People make all of those pictures for a variety of purposes, because they have to or need to or want to. Because image-capturing devices are usually within reach and just because they can. A few years ago, while researching for Photography Changes Everything, I called up an industry analyst who had always been a good source for quantifying photographic activity, to ask why he thought we’ve all become so trigger-happy. In the past, he said, people were culturally programmed by advertising and camera manuals to take photographs of life’s special events, but with the spread of cell phone cameras that began to change. Increasingly, people were making pictures for reasons they weren’t quite sure of, couldn’t justify, or would rather not articulate. If you pressed them to respond, they’d say they were taking pictures of whatever it was that they encountered and thought was cool, curious, or weird.

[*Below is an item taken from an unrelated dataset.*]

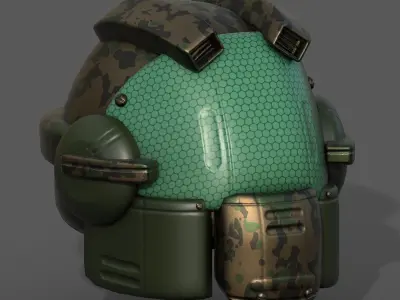 Helmet scifi military combat 3d model  Low-poly 3D model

Selfie in Shanghai, 2012, Richard Schneider, pictcorrect
In the years since, back-facing cameras and the selfie phenomenon have added yet another category of motivation to the list. Photography has become a way for people to take the representation into their own hands and to confront, rehearse, perform, and then broadcast images that track where or declare who they are. Photography, once a novel method of paying respect and doing some selective bookkeeping of life’s major events, has now and for many become an indispensable diaristic, communication, and navigational tool. In an interview on the shifting nature of image-making published last year in WIRED, photojournalist Stephen Mayes spoke with Pete Brook about the fact that photographs were no longer objects, but experiences.
This year, with the test-marketing of Google Glass, and this month’s planned release of the “Narrative”—the miniature, clip-on, and life-logging camera first announced as the “Memoto,” until Motorola, which has trademarked the word “moto,” strongly objected—we’ll be further empowered to take pictures, on-the-run, hands-free, more easily and even more frequently. (The “Narrative,” an elegantly minimal and tiny piece of technology, automatically shoots a picture every 30 seconds.)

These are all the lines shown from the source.